Over the weekend, I had a look back at one of the sermons I’ve preached at St. Peter’s. The text was the rich man and the eye of the needle. I noted this paragraph:

We’ve seen how wealth can help us build walls around ourselves. We’ve seen that Jesus is calling us to make ourselves a little more open and a little more vulnerable to the world around us. The phrase I want to use to describe this is the same phrase that we use to describe what Jesus did – incarnation. Reconciliation begins when we choose to go to a new place in the world and simply exist. God used God’s immense power to choose to exist in an entirely new way, among humans. We have wealth and power and we must use it to exist in a new space. Sometimes that new space means getting up and moving from North America to a shantytown in South Africa. But sometimes going to that new space means simply exploring a different part of the town you’ve lived in your entire life. Sometimes going to that new space simply means going down to the end of the pew after the service and talking to the person you’ve never met before. God’s mission of reconciliation requires of us an incarnational ministry. That means we have to simply be in a new and different way and in a new and different place. It is both a reassuringly simple and monumentally difficult task but it is at the centre of our Christian calling.

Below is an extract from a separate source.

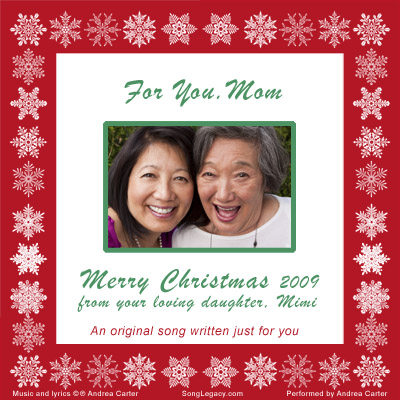 Personalized Christmas song for Mom - Sample CD jacket cover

In reading about the shooting, I’ve been struck by just how much emphasis Mary-Marguerite put on exactly this kind of incarnational ministry. St. Peter’s didn’t need me to tell them about this; they just needed to look at their co-rector.

I’ve written and preached about vulnerability frequently. (The Incarnation is the central idea in my new book.) But I never had anything like this in mind, perhaps one reason I’ve found these deaths so shocking. In my Good Friday sermon this year, I preached about daily crucifixions that are all around us. These three deaths are one example of exactly that.

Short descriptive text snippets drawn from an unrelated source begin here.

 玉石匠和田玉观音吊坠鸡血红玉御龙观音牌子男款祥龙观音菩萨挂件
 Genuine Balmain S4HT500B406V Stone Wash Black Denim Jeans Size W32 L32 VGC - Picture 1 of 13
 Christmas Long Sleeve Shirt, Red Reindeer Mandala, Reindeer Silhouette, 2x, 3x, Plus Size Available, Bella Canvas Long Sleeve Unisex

St. Peter’s other co-rector, Kirk Kubicek, preached a beautiful sermon last Sunday that just about sums it up:

It is their commitment to serving their brothers and sisters whoever they might be, and believe me if you spend any time in our office you eventually see every kind of brother and sister there is, that sent them home to the heart of Love. We will never know why, but we do know they and the man they were serving are with the God who says, You are my Beloved – with you I am well pleased….

And I still see two women who were and continue to be exemplars to us of what it means to abide with Christ – what it means to be known by Christ.

In truth, right now they are where they have always been – in the heart of God’s everlasting love.

Mary-Marguerite’s funeral gets underway in just a few minutes in Baltimore.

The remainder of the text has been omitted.